Но долго заставил ждать себя Долгорукий. В те патриархальные времена, как известно, и за границей железных дорог не было еще в помине; шоссированные пути встречались там разве кое-где около столиц. Не диво, что вернулся Долгорукий в Москву не ранее мая 1688 года. Зато он не забыл обещанного гостинца. Когда, однако, распаковали астролябию, ни молодой царь, ни сам посланник не знали, что делать с нею. Смышленый и изворотливый в других случаях Меншиков на этот раз также стал в тупик. Послали за Зотовым и Нестеровым. Но и оба учителя, оказалось, к немалому «конфузу» своему, видели мудреный инструмент впервые.

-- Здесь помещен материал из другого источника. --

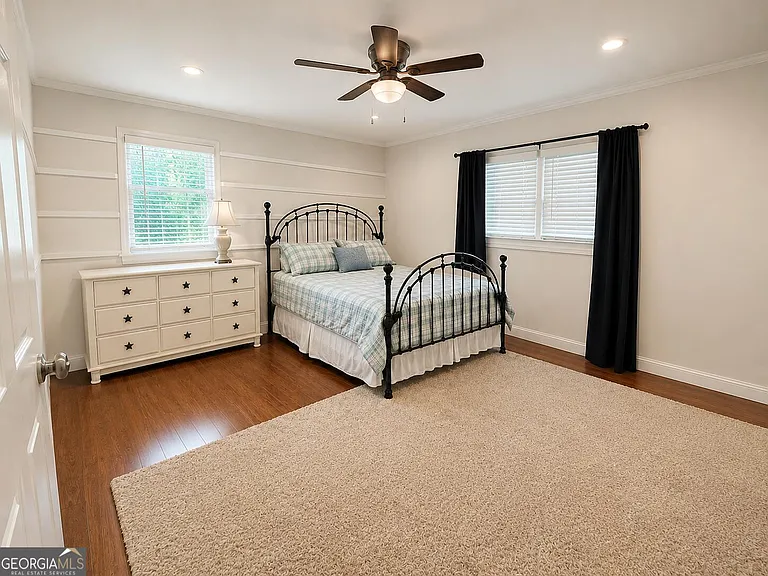 2653 Club Valley Dr NE — Photo 22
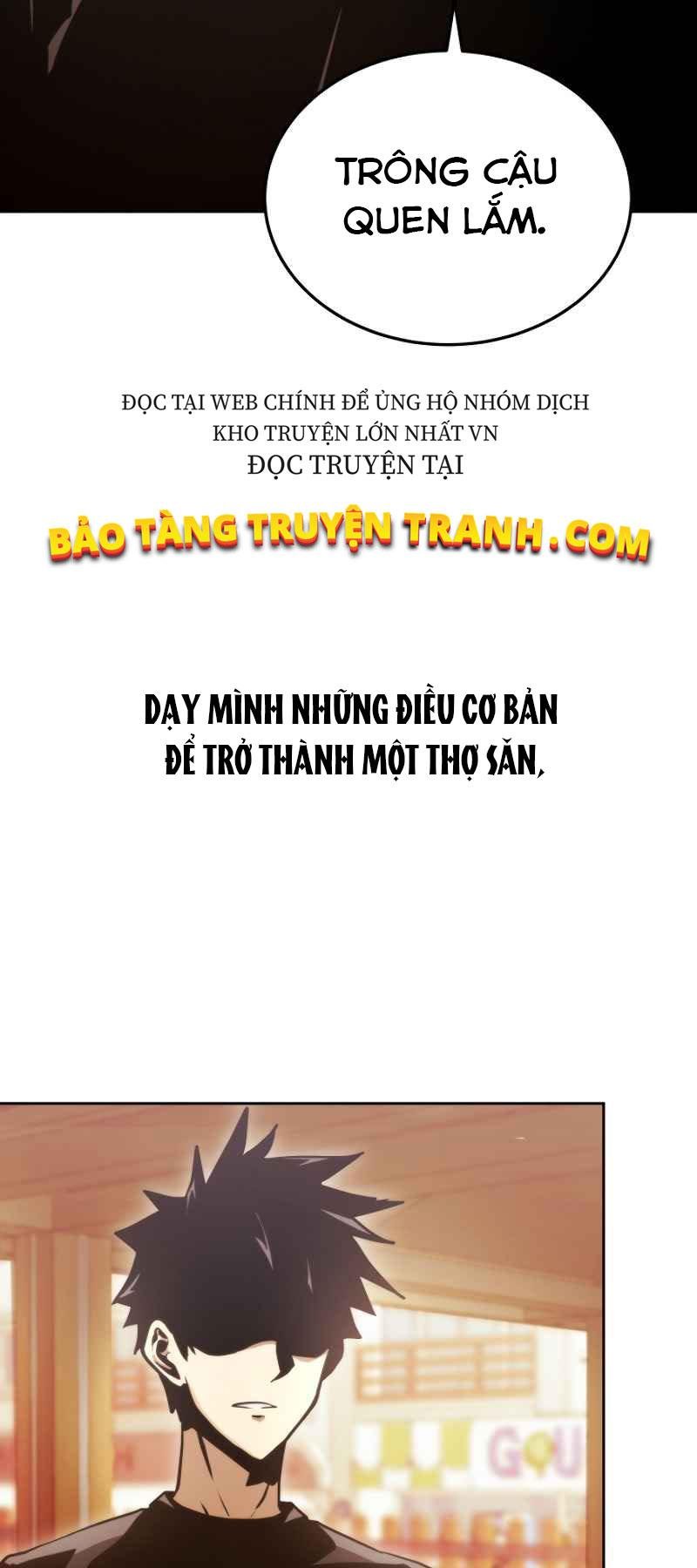 Từ Hôm Nay, Tôi Là Một Người Chơi Chap 5 - Next Chap 6
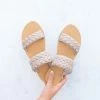 Shu Shop Cala Sandal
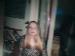 melbell15 photo # 7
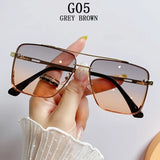 Nova Women Sunglasses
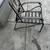 Very nice chair 3 thumbnail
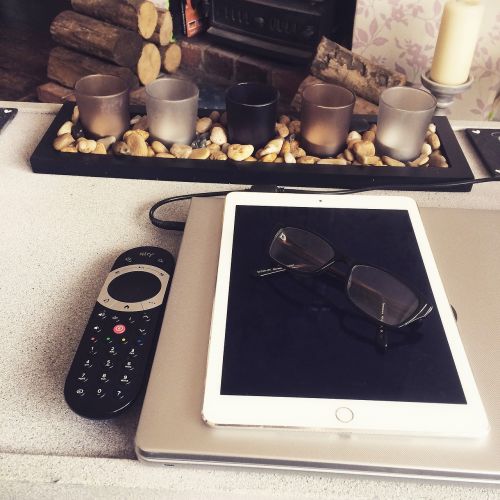 homework instagram wifi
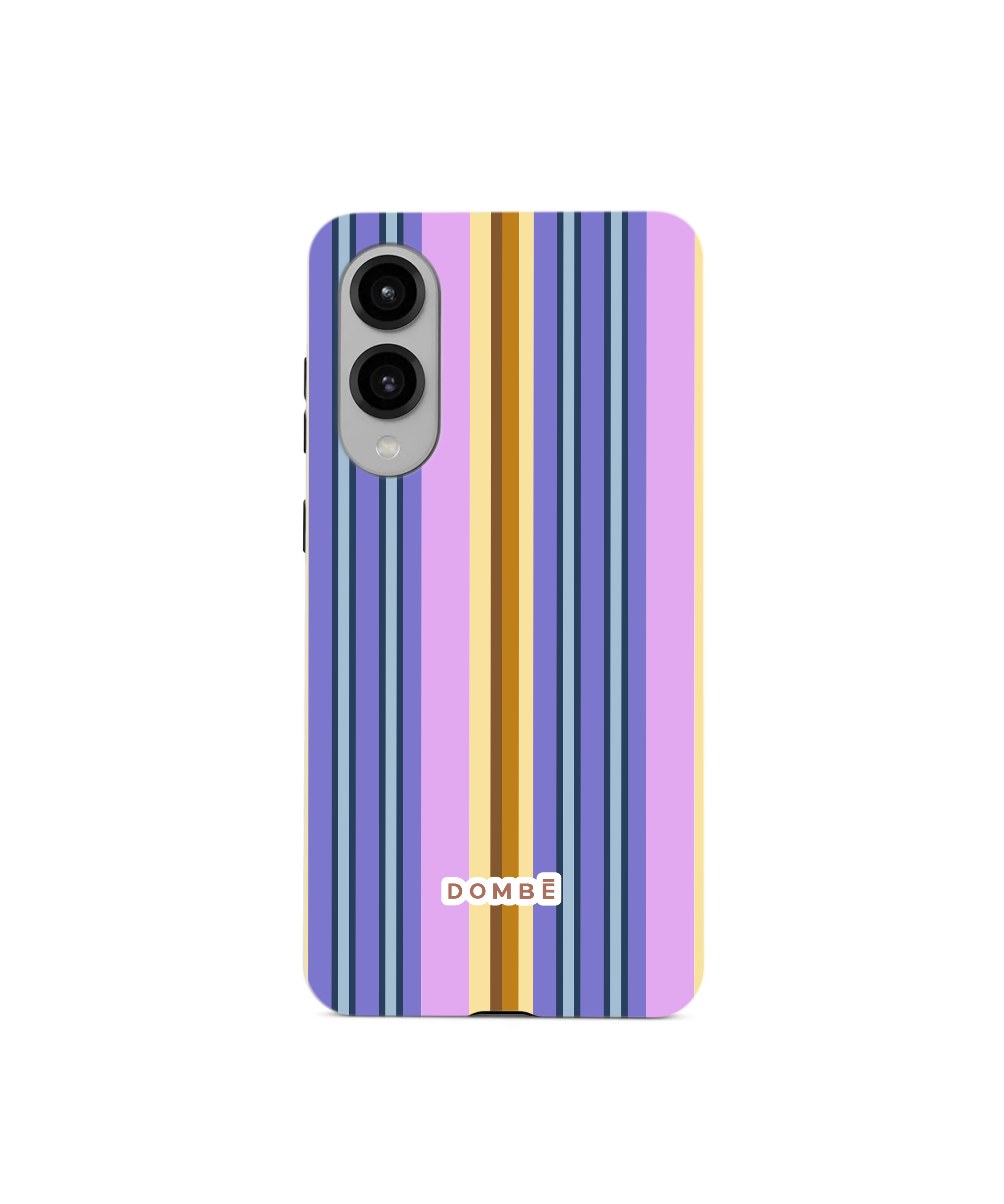 Lilac Sunset - DOMBĒ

Выручил врач царский, ван дер Гульст. Был у него в Москве земляк и однокашник голландский, купец Франц Тиммерман, который еще на школьной скамье в родном своем Амстердаме считался первым математиком и не мог не знать, как приспособить астролябию. И точно приглашенный в Коломенское Тиммерман живо приладил инструмент и, по предложению Петра, вычислил расстояние от царских хором через Яузу до фортеции Пресбург.

Не верилось, однако, Петру, чтобы дело могло обойтись без какой-нибудь уловки: велел он взять длинный канат, перетянуть через реку к фортеции, а затем измерить канат саженью. И что же? Расчет голландца оказался, что аптекарский: верен цифра в цифру!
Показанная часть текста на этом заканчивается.